Heinz Hajek-Halke was born in Berlin on December 1, 1898, but spent his childhood in Argentina. Back in Germany, he began to study graphics in Berlin in 1915. In 1916, he served as a soldier in World War I; thereafter he continued his studies.
Hajek-Halke began to take photographs in 1924, and soon he had work with the agency "Presse-Photo". He experimented with photographic techniques – among them light montages, double exposures, photo collages and photo montages. One special technique is "combi-photography," in which Hajek-Halke mounted several negatives for one print. His pictures were innovative and made use of the newly discovered possibilities for manipulating photographs.
According to Hajek-Halke himself, he wanted "to place [...] an illusionistic actuality next to natural reality with all of the means available through advanced photographic technology, maintaining artistic principles". He worked in advertising, created reportages and took nude photographs.
In 1933, Hajek-Halke opposed the order by the NSDAP to falsify documentary films and moved to Lake Constance, where he worked with macro photographs of insects. In 1937, he created several photo reportages in Brazil. Two years later, he worked as a photographer at the Dornier-Werken in Friedrichshafen. In the last year of the war, he found himself imprisoned in France, but was able to flee soon thereafter.
Hajek-Halke was fascinated with snakes and built his own viper farm; he kept working with experimental photography. He created flexible figures out of wire which served as subjects for his photographic experiments ("light graphics").
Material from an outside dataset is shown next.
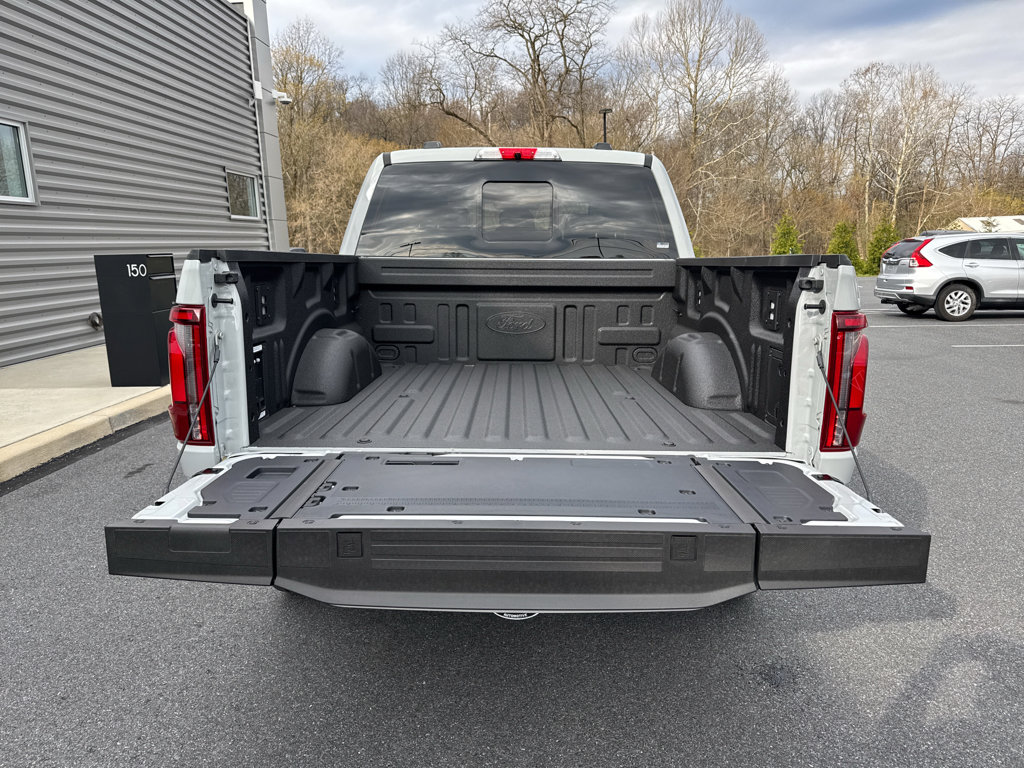 New 2026 Ford F150 Platinum w/ Equipment Group 700A Standard image 8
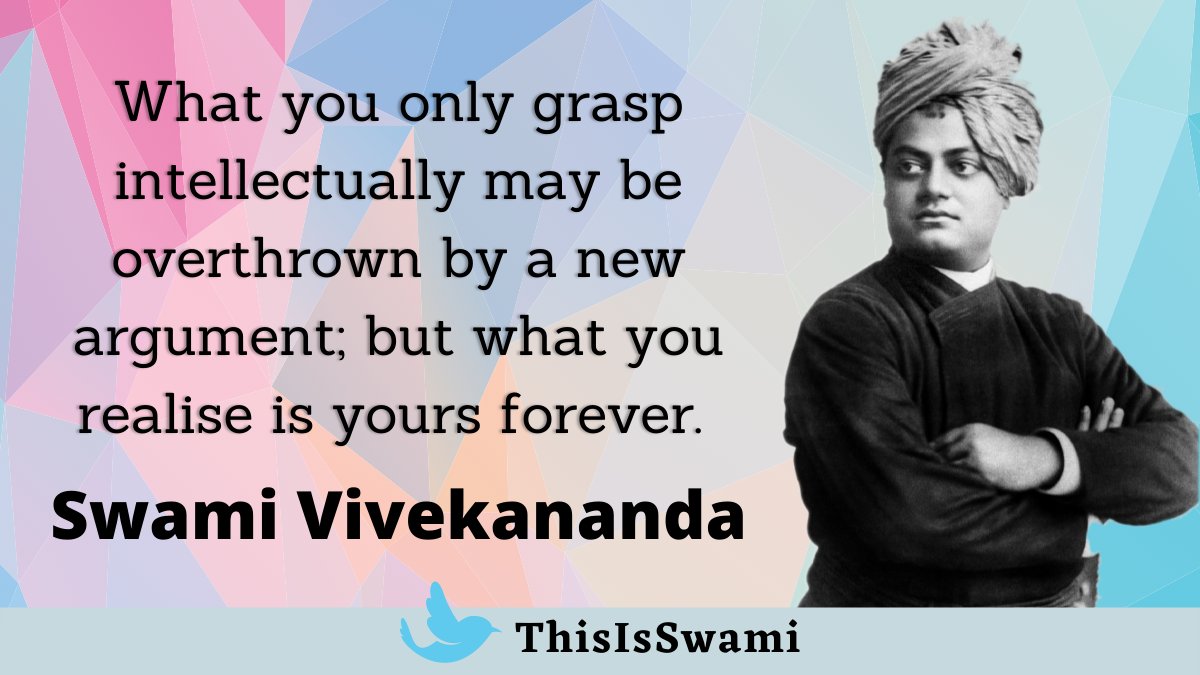 Swami Vivekananda (স্বামী বিবেকানন্দ) tweet media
In 1949, he met Otto Steinert, who belonged to the group "fotoform". Hajek-Halke became a member of the group for a short while, and six years later he was appointed Professor of Photography and Photographics at the University of the Arts in Berlin.
His pictures were seen at the first exhibit "subjective photography".
Hajek-Halke died in Berlin on May 11, 1983. His work connected the photography of "Neues Sehen" [New Seeing] with the experiments of the group "fotoform" and of "subjective photography" in Germany of the post-war era.